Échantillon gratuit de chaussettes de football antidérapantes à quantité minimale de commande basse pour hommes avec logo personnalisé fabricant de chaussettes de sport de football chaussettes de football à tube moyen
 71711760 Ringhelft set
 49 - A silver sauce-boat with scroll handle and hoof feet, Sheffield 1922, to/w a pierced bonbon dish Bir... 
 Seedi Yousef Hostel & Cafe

--

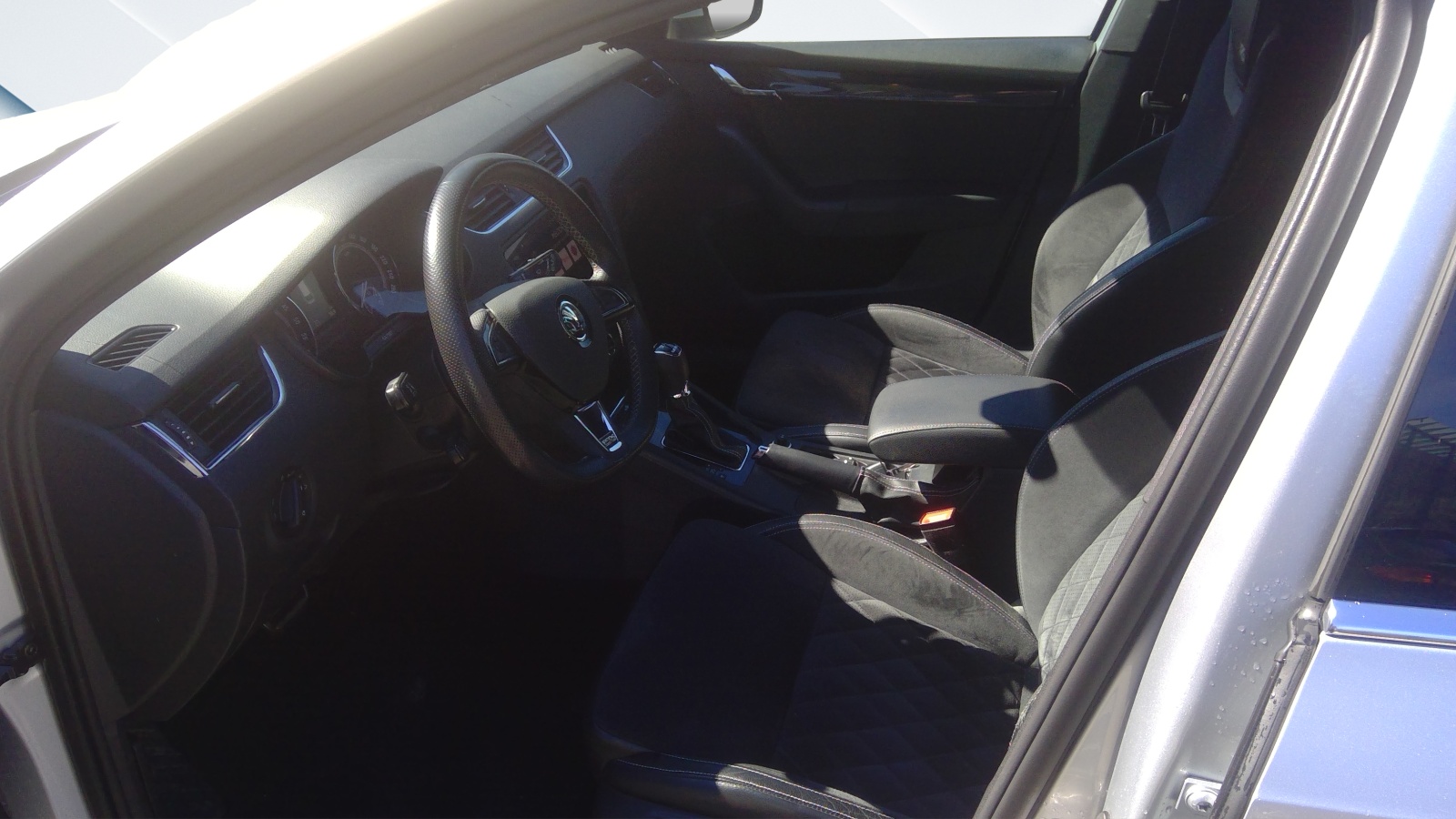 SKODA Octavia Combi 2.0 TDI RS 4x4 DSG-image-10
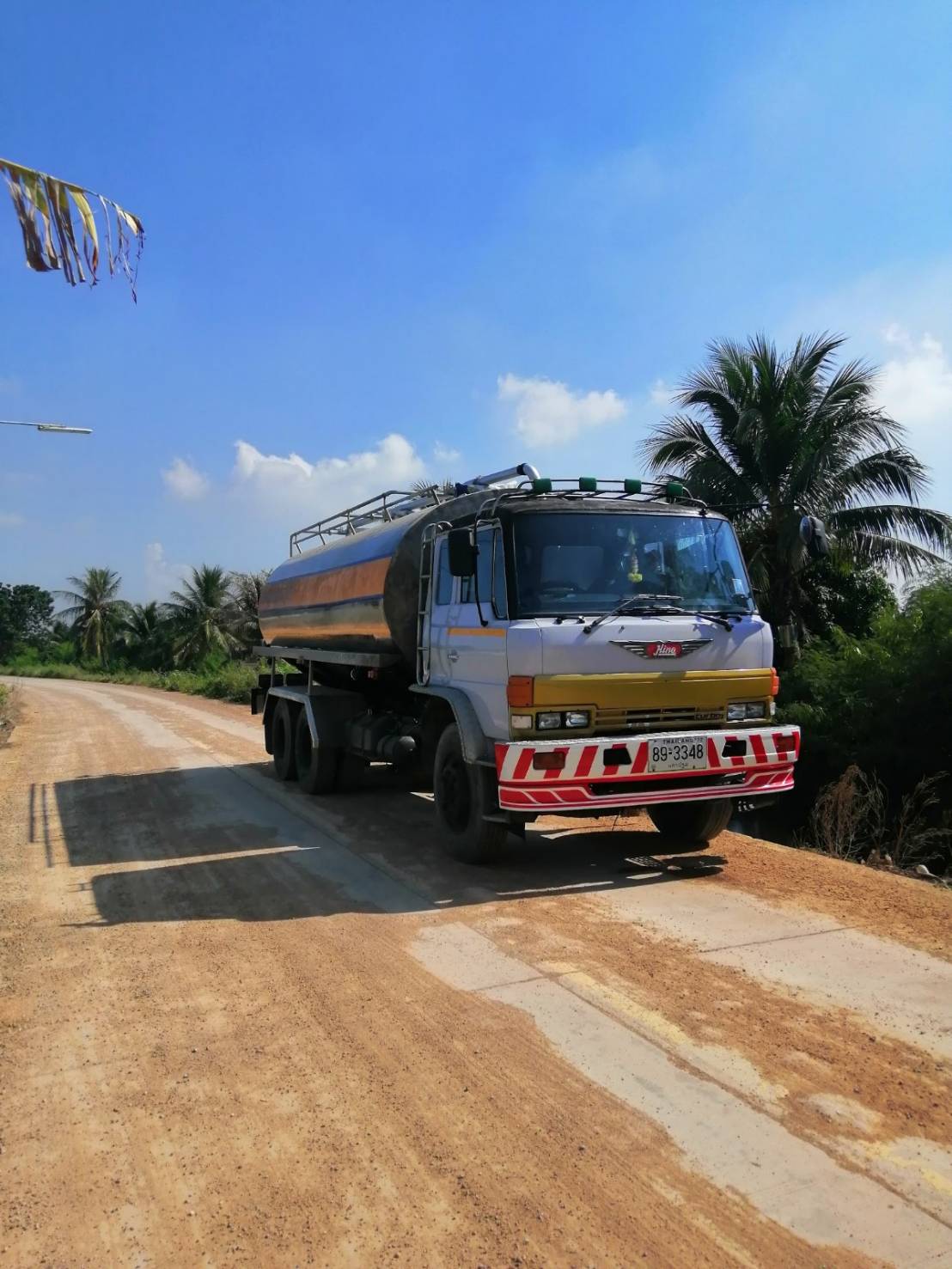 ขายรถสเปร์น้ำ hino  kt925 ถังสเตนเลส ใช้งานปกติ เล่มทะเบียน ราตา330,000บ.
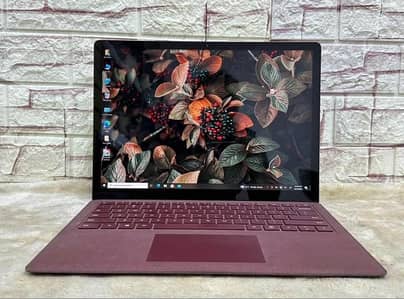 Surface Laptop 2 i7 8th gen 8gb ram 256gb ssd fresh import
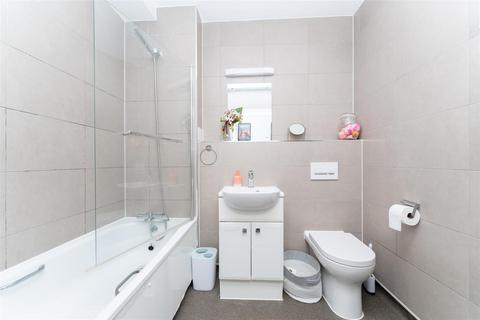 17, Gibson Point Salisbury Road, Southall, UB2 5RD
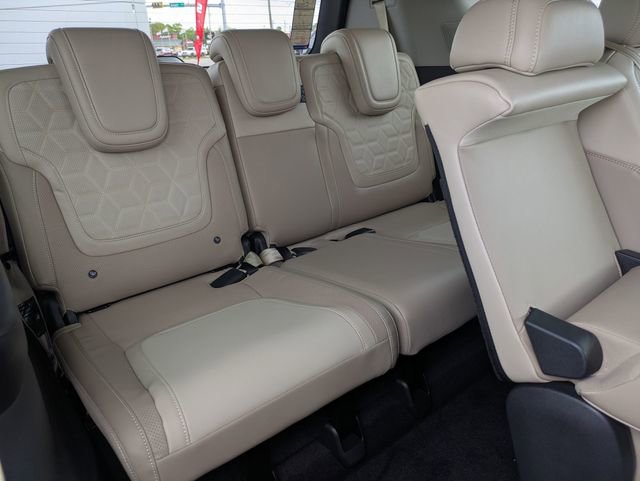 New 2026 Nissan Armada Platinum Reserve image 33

* * *

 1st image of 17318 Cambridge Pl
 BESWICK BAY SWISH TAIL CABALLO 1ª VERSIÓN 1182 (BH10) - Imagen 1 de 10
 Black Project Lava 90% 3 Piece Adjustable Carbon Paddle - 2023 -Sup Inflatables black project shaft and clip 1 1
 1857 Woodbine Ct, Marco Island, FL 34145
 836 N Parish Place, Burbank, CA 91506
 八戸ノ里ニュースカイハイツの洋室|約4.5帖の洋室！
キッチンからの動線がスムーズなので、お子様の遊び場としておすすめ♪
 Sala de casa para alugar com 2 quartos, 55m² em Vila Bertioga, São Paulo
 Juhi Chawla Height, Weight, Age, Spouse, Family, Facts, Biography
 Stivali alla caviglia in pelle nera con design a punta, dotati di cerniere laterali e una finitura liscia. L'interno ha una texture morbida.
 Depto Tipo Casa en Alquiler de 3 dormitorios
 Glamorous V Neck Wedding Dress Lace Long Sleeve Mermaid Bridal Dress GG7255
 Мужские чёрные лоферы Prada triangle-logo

- [TO DO]: Among the entries above, locate the lines containing "Black Project Lava" and "キッチンからの動線がスムーズなので、お子様の遊び場としておすすめ♪", and transcribe exactly those two lines and all lines between.

- [EXERCISE SOLUTION]:
 Black Project Lava 90% 3 Piece Adjustable Carbon Paddle - 2023 -Sup Inflatables black project shaft and clip 1 1
 1857 Woodbine Ct, Marco Island, FL 34145
 836 N Parish Place, Burbank, CA 91506
 八戸ノ里ニュースカイハイツの洋室|約4.5帖の洋室！
キッチンからの動線がスムーズなので、お子様の遊び場としておすすめ♪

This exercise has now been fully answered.